The predict() function does the following:

  1. Get the user feature vector from the model.
  2. If there is feature vector for the user, recommend top N items based on the user feature and item features.
  3. If there is no feature vector for the user, use the recent items acted on by the user (defined by similarItemEvents parameter) to recommend similar items.
  4. If there is no recent similarItemEvents available for the user, popular items are recommended.

Only items which satisfy the following conditions will be recommended. By default, an item will be recommended if:

  • it belongs to one of the categories defined in query.
  • it is one of the whitelisted items if a whitelist is defined.
  • it is not on the blacklist.
  • it is available.

You can easily modify validScores() if you have different requirements or conditions to determine if an item should be recommended.
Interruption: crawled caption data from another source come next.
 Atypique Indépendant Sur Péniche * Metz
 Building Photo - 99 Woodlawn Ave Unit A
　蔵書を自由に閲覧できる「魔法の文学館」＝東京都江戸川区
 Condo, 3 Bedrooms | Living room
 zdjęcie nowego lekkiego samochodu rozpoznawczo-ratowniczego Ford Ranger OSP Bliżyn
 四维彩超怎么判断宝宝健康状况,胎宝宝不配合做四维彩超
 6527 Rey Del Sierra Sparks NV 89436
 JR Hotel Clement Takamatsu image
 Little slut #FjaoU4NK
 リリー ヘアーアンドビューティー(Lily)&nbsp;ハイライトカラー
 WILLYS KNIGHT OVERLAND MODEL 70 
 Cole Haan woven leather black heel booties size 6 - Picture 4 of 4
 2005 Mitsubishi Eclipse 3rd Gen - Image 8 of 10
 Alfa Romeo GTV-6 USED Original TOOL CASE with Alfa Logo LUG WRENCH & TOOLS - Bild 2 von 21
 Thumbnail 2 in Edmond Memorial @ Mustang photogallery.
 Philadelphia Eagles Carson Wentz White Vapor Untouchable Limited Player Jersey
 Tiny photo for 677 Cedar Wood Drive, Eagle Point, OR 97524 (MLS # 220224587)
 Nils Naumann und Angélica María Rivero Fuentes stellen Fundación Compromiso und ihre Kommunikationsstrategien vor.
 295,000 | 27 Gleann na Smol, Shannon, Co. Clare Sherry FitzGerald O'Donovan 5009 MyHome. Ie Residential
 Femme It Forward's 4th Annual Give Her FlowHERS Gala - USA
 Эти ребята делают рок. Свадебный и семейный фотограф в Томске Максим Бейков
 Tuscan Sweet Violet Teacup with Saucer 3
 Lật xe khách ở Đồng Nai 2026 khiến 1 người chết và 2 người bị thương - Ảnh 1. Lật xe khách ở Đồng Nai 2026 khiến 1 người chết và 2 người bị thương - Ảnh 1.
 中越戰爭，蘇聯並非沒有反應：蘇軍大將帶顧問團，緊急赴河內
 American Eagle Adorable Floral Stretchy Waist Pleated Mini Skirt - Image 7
PredictionIO passes the returned PredictedResult object to Serving.

Serving

The serve method of class Serving processes predicted result. It is also responsible for combining multiple predicted results into one if you have more than one predictive model. Serving then returns the final predicted result. PredictionIO will convert it to a JSON response automatically.

1
2
3
4
5
6
7
8
public class Serving extends LJavaServing<Query, PredictedResult> {

  @Override
  public PredictedResult serve(Query query, Seq<PredictedResult> predictions) {
    return predictions.head();
  }
}

When you send a JSON query to http://localhost:8000/queries.json, PredictedResult from all models will be passed to serve as a sequence, i.e. Seq<PredictedResult>.

An engine can train multiple models if you specify more than one Algorithm component in RecommendationEngine. Since we only have one algorithm, this Seq contains one element.